SHMUP postmortem: How to create 60 fps videos from iOS devices
Back in winter 2009 I was working pretty hard on the 3D engine that would power my next iPhone/iPad game: "SHMUP". To demo the work in progress required to generate videos, a task far from being trivial on a smartphone: Slow CPU/GPU, Little RAM, no TV output, no storage space, no real multitasking. Hence I had the idea to have the engine generate its own videos. This is how I did it, maybe it will inspire someone.
The constraints
To record a game session on platform such as Windows, Linux or MacOS X is very easy: just use a Capture software. I have used Fraps and Snapz Pro X for acceptable results by the past. If really your engine is pushing the machine to it limits or you want a professional 60 frames per second video, you can use an other device that you plug on both the DVI output of the graphic card and the sound card output.
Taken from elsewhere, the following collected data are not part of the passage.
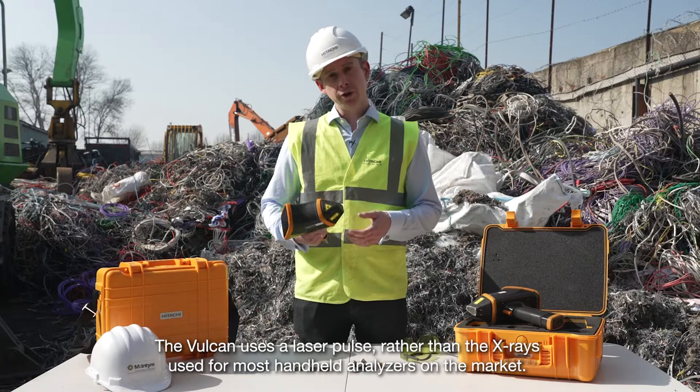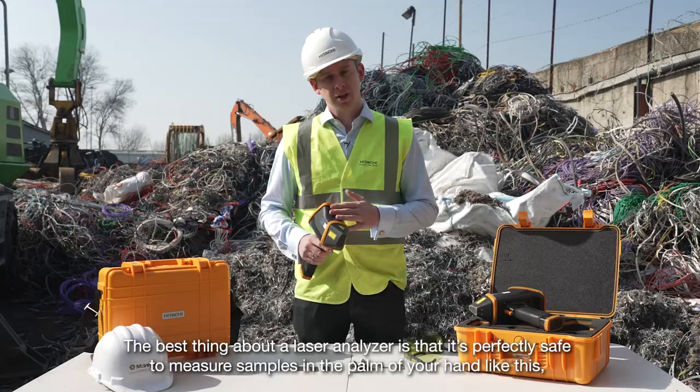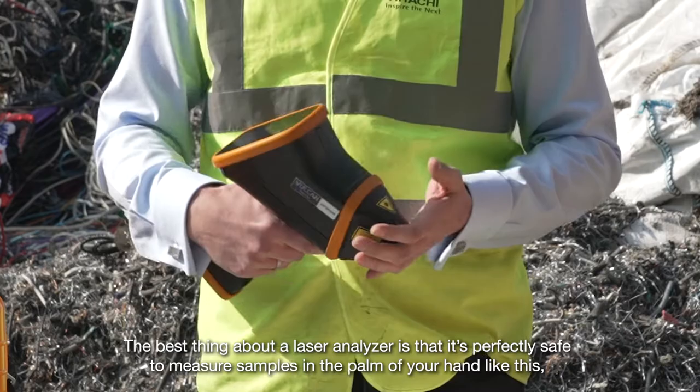The Vulcan uses a laser pulse rather than the x-rays used for most handheld analyzers on the market. This means in most countries that it doesn't need registering and it's ready to go straight out the box. The best thing about a laser analyzer is it's perfectly safe to measure samples in the palm of your hand like this.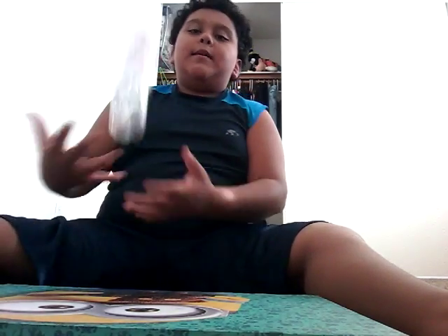Hey guys, my name is Dolzer. I won't go back to another video today. I'm going to try to land some trick shots.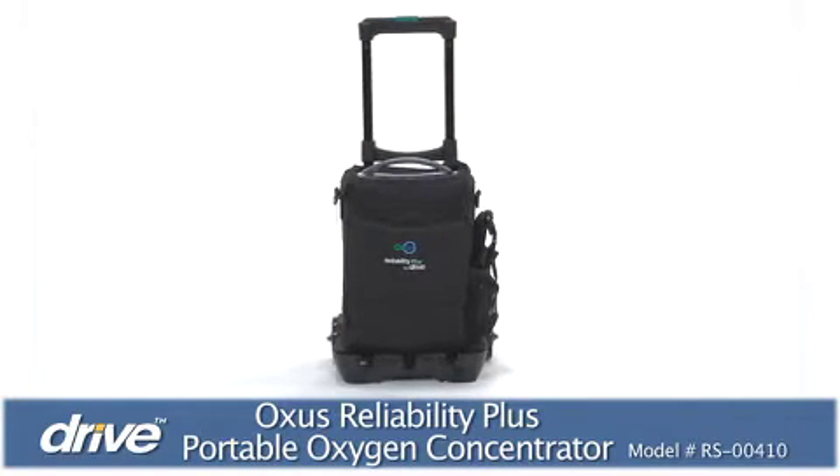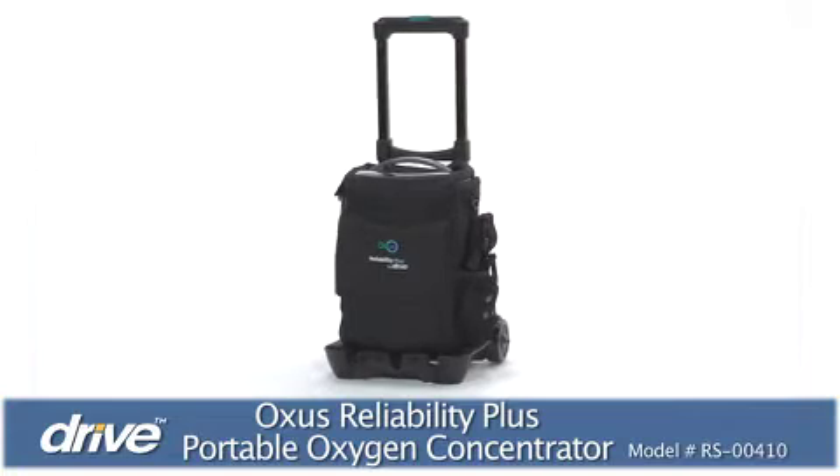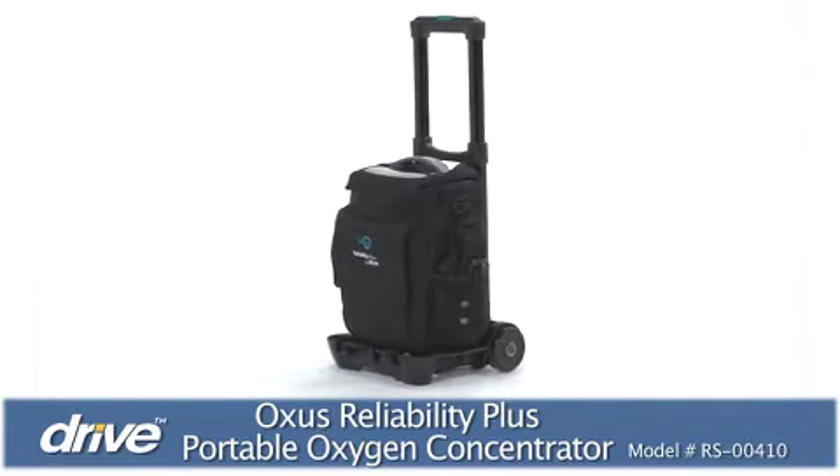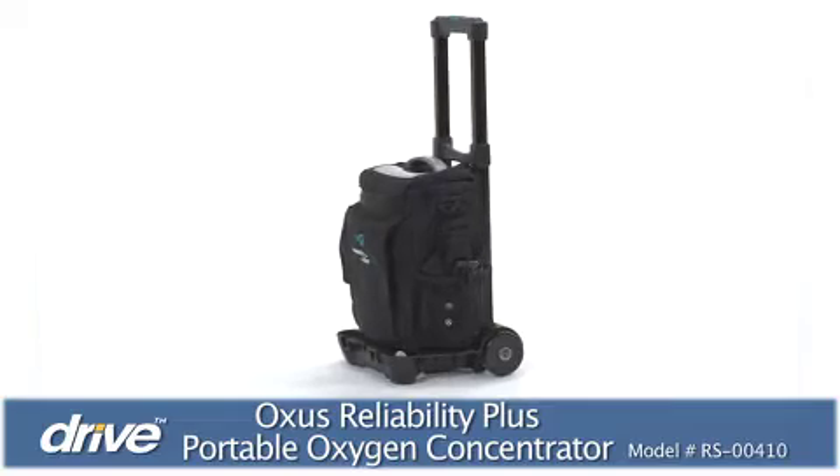Weighing less than 10 pounds with battery, the Oxus is easy to transport, provides an unlimited source of oxygen, imparts ultra-low vibration, and is built to last.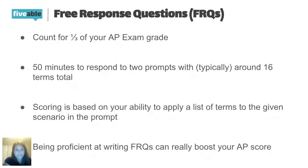The scoring for the FRQ is based on your ability to apply the terms to the situation. Knowing the definition is not going to be sufficient to earn points on an FRQ — you really have to know the term and be able to give a real-world application or a prompt application to the question. There is a specific style of writing that goes along with this.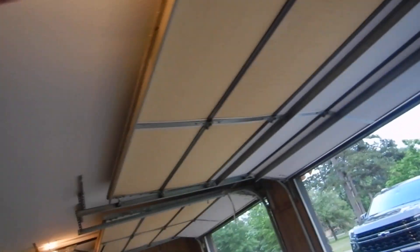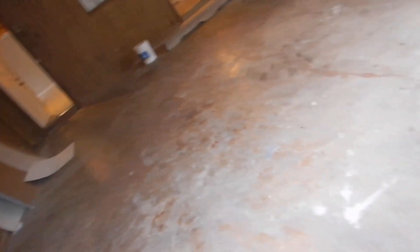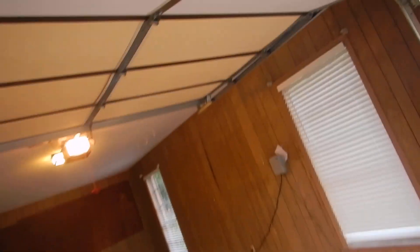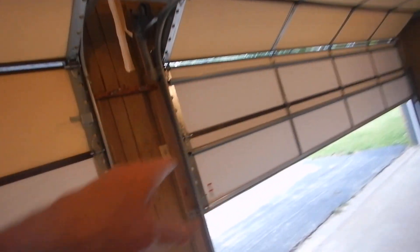Our courtesy lights are working. Let's see if the doors are in adjustment. The spring is adjusted properly. Our doors are in pretty good shape — all we're really missing here is a pull handle and some safety notices.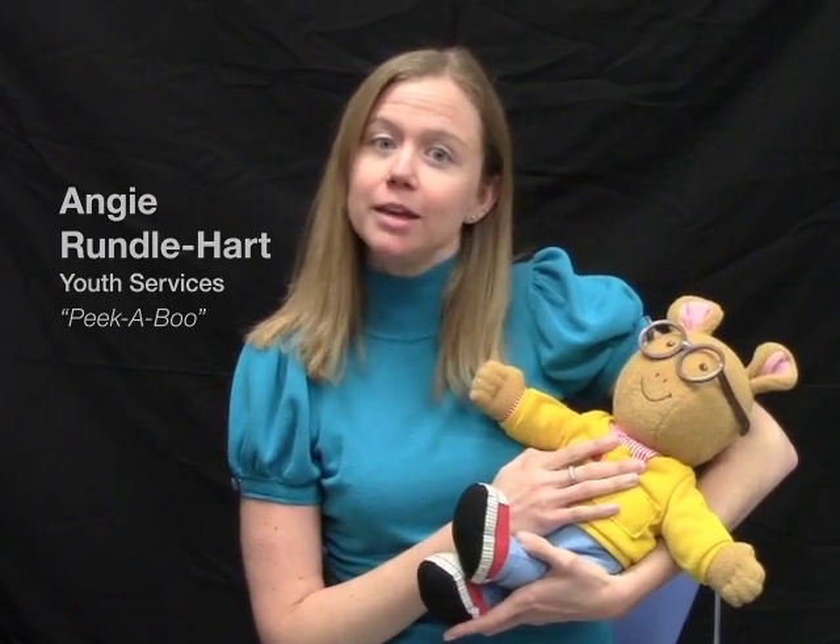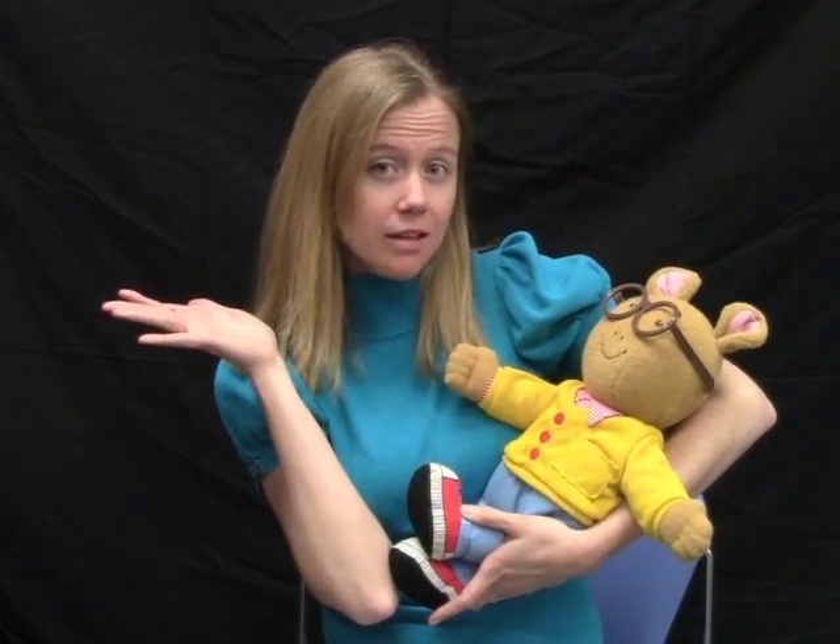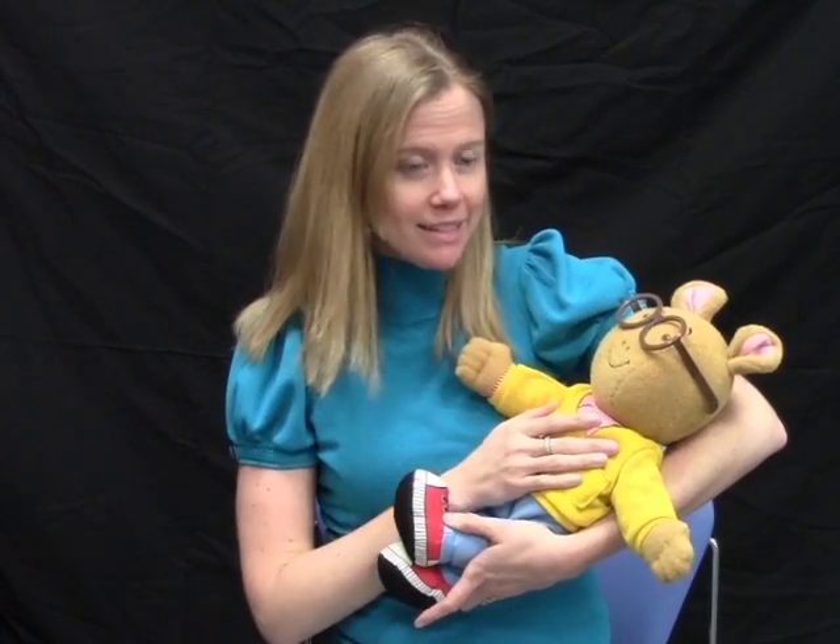Hi, I'm Angie, and today I'm going to show you a tickle for a baby called peek-a-boo. It could also be used for a toddler too, because they can do the peek-a-boo themselves. Or for a little one who's just learning peek-a-boo, it's really fun and exciting.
But on a mobiles device none of those are possible because of the following constraints:
- Very limited CPU/GPU power: An additional process, grabbing the framebuffer each frame would kill the framerate.
- Very limited storage space and memory, reduce the length and quality of a video you can generate.
- No real multitasking, you cannot run two applications at the same time and use one to capture video/sound from the other.
- No access to the framebuffer (at least with public frameworks), applications are isolated from each other.
- No TV output, no way to use an external device to record anything else but the sound and music. Note: There is actually a way to output video on the USB port via
MPTVOutWindow
but no way to get above 10 frames per seconds.
A solution
The main element of the solution is to centralize all user inputs and record them so they can be replayed in order to replicate a session precisely. This was originally a suggestion from John Carmack in a plan from Oct 14, 1998 (mirror).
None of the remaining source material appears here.